# Farms/Communes



## Madi

Hi! Some friends and I are traveling West from Indiana, besides slab city, what are some other camps, farms, or communes out there? We should be hitting most of the states west of Indiana. Thanks!


----------



## Vulture

Do some research online. There are sites dedicated to finding communes.


----------



## Slingshot Collective

Vulture said:


> Do some research online. There are sites dedicated to finding communes.


Yeah, http://ic.org is a great resource. They at least used to put out a textbook sized directory I used to flip through for hours...

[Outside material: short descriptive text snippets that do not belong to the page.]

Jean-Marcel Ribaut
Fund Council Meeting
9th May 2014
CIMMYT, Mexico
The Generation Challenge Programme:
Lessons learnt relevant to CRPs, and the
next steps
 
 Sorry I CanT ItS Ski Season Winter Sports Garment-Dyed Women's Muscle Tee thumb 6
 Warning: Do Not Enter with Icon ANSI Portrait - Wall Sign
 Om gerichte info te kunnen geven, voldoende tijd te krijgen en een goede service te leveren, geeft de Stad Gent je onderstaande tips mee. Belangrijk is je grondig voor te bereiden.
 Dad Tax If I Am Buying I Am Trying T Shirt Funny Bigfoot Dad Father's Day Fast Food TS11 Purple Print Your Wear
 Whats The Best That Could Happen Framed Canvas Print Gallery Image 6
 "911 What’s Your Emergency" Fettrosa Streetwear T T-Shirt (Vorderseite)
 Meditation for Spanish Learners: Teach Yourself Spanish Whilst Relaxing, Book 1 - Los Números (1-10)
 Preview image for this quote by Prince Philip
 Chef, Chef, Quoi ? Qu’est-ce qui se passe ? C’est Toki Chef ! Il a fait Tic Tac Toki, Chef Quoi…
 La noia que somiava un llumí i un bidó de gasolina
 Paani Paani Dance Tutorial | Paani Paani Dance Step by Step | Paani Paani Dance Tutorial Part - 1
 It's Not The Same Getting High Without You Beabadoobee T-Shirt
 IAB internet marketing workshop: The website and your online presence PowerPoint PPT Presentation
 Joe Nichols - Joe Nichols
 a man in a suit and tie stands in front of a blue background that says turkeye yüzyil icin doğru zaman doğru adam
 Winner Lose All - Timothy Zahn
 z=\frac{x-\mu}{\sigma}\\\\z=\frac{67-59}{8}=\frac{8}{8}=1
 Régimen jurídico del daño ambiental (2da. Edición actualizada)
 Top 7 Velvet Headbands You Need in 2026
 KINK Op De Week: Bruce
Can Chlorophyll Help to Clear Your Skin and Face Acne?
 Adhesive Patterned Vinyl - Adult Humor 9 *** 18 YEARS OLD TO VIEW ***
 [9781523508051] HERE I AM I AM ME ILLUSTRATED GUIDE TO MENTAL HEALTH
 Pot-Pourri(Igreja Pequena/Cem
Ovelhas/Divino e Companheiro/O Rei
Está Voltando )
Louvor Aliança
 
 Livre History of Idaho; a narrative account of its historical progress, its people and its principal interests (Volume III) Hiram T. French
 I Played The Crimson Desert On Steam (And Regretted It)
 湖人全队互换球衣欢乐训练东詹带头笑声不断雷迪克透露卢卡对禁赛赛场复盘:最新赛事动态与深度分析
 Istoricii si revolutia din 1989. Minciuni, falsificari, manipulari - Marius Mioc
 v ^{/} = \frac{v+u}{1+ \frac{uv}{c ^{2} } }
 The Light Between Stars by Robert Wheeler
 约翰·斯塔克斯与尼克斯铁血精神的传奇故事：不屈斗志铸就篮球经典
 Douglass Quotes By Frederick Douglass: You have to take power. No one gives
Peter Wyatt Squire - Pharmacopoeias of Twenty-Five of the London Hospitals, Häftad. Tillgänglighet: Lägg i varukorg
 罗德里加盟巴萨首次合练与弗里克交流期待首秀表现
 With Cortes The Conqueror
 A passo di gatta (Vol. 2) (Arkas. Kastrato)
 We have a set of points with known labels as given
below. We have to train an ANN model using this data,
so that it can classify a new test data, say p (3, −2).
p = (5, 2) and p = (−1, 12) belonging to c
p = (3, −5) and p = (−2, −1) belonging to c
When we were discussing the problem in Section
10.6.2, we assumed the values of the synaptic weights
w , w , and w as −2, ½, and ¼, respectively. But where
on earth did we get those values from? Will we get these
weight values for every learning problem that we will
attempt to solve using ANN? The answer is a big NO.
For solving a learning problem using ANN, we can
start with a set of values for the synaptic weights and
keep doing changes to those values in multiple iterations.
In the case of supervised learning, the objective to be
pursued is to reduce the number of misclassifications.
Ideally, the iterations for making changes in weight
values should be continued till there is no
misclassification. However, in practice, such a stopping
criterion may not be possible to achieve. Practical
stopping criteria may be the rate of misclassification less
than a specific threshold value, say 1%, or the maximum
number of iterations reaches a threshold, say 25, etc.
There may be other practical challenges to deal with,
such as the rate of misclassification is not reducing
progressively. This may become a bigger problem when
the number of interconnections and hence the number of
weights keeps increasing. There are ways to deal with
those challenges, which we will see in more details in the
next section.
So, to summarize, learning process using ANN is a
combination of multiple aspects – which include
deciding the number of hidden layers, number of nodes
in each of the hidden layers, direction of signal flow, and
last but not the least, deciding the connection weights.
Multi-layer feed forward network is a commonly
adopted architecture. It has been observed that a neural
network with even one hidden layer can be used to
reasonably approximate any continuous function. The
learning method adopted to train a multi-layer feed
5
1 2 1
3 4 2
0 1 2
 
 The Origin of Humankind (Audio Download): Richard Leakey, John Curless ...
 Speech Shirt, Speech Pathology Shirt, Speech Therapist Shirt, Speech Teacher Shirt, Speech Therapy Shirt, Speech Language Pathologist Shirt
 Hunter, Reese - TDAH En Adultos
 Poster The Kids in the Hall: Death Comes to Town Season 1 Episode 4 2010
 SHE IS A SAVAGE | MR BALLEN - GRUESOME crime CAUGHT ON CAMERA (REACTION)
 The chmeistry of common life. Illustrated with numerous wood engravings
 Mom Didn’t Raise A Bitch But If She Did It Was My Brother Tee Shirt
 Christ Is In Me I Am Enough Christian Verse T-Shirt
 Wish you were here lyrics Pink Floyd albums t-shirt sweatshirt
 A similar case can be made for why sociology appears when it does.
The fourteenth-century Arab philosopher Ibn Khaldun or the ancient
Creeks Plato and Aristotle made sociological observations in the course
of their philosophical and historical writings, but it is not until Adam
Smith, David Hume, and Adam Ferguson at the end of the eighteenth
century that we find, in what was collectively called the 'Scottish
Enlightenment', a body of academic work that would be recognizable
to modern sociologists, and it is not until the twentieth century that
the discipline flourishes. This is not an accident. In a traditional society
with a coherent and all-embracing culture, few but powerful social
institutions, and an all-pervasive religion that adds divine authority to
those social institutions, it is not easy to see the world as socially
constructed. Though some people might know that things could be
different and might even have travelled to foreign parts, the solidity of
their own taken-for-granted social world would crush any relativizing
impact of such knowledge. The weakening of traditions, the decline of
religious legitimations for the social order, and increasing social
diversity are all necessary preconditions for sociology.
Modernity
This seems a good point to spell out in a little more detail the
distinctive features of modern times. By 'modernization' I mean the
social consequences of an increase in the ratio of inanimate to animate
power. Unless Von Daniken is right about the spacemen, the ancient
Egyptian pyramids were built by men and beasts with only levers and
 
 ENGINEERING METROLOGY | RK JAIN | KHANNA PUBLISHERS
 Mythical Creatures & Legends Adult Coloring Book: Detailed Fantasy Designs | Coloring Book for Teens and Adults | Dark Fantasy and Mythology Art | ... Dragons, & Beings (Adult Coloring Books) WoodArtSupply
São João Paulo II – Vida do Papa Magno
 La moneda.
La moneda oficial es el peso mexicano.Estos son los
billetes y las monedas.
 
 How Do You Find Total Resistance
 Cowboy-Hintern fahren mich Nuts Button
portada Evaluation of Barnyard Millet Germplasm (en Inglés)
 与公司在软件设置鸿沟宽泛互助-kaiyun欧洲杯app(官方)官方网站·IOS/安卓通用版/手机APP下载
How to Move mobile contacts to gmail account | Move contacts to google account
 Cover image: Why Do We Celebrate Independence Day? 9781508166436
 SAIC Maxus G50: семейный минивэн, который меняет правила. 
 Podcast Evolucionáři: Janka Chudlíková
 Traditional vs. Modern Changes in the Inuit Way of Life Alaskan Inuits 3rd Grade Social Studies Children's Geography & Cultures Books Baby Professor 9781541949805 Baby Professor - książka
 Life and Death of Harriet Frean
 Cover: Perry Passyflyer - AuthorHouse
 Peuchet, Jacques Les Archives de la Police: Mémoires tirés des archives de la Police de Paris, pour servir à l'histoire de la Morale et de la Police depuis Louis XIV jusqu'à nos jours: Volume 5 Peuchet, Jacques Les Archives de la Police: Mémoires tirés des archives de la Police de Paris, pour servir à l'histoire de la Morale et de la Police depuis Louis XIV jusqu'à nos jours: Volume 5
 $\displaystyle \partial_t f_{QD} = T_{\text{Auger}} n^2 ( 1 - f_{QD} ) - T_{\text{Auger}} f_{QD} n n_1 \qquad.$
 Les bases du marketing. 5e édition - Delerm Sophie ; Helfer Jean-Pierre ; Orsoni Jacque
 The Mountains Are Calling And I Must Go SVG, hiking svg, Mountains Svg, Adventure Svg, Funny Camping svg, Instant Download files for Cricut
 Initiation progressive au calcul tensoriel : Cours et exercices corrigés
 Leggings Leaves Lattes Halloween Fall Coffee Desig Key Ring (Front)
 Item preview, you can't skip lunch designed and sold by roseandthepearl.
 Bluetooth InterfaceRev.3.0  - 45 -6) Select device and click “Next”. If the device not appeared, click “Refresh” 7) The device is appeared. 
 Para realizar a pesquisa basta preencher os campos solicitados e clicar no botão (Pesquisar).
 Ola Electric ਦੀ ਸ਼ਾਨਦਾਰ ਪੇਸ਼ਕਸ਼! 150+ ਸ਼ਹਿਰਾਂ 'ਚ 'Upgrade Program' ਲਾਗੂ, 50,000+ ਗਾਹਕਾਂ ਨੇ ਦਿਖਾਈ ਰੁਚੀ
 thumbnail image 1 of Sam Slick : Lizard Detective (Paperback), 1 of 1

We put together a list of collectives all around the world too: http://slingshot.tao.ca/contacts/#cy-us

and I started a thread on here about Black Bear Ranch, if you all happen to visit there it would be cool to know what you all think...


----------



## PAN AM HOBO

http://www.ic.org/ COMMUNE POSTINGS


----------



## ancienttoes

If you would like to come to an intentional community that farms and strives to get by with less money, you can come to a community on a piece of land in Tennessee called Shut Up N Grow It or SUNGI with 21.5 acres of farmland and forest. It is at 8967 Galen Road, Lafayette, TN 37083. Anyone is welcome to come with no notice or permission necessary. We ask $10 a week and help out on the farm for 20 hours a week doing whatever you feel is needed or think you can contribute. It is an off-grid egalitarian community where community decisions are made in councils. We seek to live an ecologically sustainable way of life and one that is more natural in many other ways. Many travelers also come here. We have a drinking water source, gardens, farm animals, outdoor kitchen, outhouse, shelters, camping places, library, etc. Private message me if you have any questions or in the comments. Thank you. https://www.facebook.com/groups/388751901308125/


----------



## Ratchet

Go on...  

Who owns the property? How are decisions made? Your FB page said good people left because bad people came, but that you have a good group now. How are you running things differently to attempt to prevent that from happening again?


----------



## Breezy

kinda interested in finding a commune too. hopefully with no self ritcheous dickheads or atleast none that I'm forced to communicate with.


----------